Nevertheless, at a glance, it may sound more like a marketing term than what it actually offers. DC/OS is very much similar to other container cluster managers such as Kubernetes and Docker Swarm. Those systems provide almost the same set of features as DC/OS. However, there is a clear difference between DC/OS and other container cluster managers on deploying Big Data and Analytics solutions. That’s with its ability to extend the scheduler for providing dedicated container scheduling capabilities. For an example systems such as Apache Spark, Apache Storm, Hadoop, Cassandra have implemented Mesos schedulers for running workloads on Mesos for specifically optimizing container scheduling for their needs. More importantly such complex distributed systems can be deployed on Mesos with few clicks. Additional information on that can be found here.
Apache Mesos the DC/OS Kernel
The Mesos core, which is a cluster manager which was initially developed at University of California, Berkeley in around year 2009 and later donated to Apache. It is being now used by many large organizations including Twitter, Airbnb and Apple. As shown in the above figure, Mesos provides an extension point for plugging in task schedulers as Mesos frameworks. The schedulers receive resource offers for scheduling tasks for end user applications. Tasks get scheduled in Mesos slave nodes via executors. These tasks can be executed either using Mesos or Docker containerizers. Mesos containerizer is the first container runtime supported by Mesos which used Linux kernel features such as cgroups and namespaces. Later with the introduction of Docker, Mesos added support for running Docker containers on its cluster manager.
Marathon the PaaS Framework
Marathon comes bundled with DC/OS. It’s the core Mesos framework which provides platform as a service features for DC/OS. End user applications can be deployed on DC/OS using Marathon applications. DC/OS also provides a store full of industry well-known software systems. This is called DC/OS Universe. A Marathon application specifies the resource requirements (CPU, memory), the Docker image id, container ports, service ports (ports to be exposed by the load balancer), networking model (bridge/host), startup parameters, labels and health checks of the software system.
Once an application is deployed Marathon will first check the availability of the resources against the requirement and then schedule containers accordingly.
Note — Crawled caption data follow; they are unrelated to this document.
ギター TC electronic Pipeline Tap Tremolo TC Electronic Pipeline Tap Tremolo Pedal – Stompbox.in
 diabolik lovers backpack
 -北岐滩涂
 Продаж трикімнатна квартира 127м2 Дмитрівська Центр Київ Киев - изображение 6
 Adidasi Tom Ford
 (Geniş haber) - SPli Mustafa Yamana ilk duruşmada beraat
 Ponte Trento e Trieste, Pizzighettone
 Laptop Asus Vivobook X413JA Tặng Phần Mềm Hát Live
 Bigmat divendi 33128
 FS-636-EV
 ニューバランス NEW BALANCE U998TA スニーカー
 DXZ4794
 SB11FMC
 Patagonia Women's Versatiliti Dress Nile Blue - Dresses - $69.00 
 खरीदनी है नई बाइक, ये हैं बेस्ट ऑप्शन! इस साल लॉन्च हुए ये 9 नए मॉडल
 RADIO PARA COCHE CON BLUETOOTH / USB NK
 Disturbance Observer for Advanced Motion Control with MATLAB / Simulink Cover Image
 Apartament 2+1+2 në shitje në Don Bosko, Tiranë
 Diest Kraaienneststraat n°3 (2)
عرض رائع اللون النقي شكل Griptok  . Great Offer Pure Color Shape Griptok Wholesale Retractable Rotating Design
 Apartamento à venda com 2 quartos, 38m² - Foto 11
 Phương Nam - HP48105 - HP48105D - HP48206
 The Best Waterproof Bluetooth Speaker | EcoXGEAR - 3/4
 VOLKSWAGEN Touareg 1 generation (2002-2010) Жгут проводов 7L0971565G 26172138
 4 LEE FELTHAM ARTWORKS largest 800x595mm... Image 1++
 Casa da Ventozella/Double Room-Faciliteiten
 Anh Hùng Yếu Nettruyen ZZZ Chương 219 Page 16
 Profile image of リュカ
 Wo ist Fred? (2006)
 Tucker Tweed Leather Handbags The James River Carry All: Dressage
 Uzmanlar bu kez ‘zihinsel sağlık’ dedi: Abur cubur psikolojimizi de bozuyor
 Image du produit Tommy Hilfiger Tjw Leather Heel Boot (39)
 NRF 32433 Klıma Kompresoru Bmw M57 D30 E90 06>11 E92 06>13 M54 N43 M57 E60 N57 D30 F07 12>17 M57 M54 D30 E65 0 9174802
Afterwards it will make use the given health checks to verify the status of the containers and auto heal them if the system is not functioning properly.
Marathon applications will use Marathon load balancer (which is haproxy) for exposing service ports and load balancing containers. It will be deployed as a separate Marathon application and will make use of the Marathon API for dynamically updating the load balancer configuration. Marathon applications can define hostnames for their clusters for enabling hostname based routing. Marathon also provides DNS names for Marathon applications via Mesos DNS server.
The above diagram illustrates the high-level architecture of DC/OS. Initially, DC/OS solution was implemented as a commercial offering and later in April 2016, it was open sourced. I believe this was a critical business decision taken by Mesosphere for competing with Kubernetes. Unless it was open sourced, it may not have got much attention and traction compared to an open source project.
As of DC/OS 1.7, the following limitations were identified:
- No overlay network support. As a result, each container port needs to be exposed via host ports and internal communication get proxied.
- No service concept similar to Kubernetes services. Therefore Marathon applications need to be load balanced via Marathon load balancer even when session affinity is not required. Kubernetes services do network level routing using IP table rules and it’s much faster than traditional load balancers.
I worked on designing and implementing several production grade middleware deployments on DC/OS 1.7 and those were quite stable. DC/OS provides a vagrant deployment script and many other installation guides for setting it up without much effort. One of the key reasons for choosing DC/OS over Kubernetes in above projects was the support for Big Data and Analytics platforms. At the time this article being written Mesosphere is implementing a layer 4 load balancer called Minuteman for DC/OS. This would overcome the limitations mentioned above in future DC/OS releases.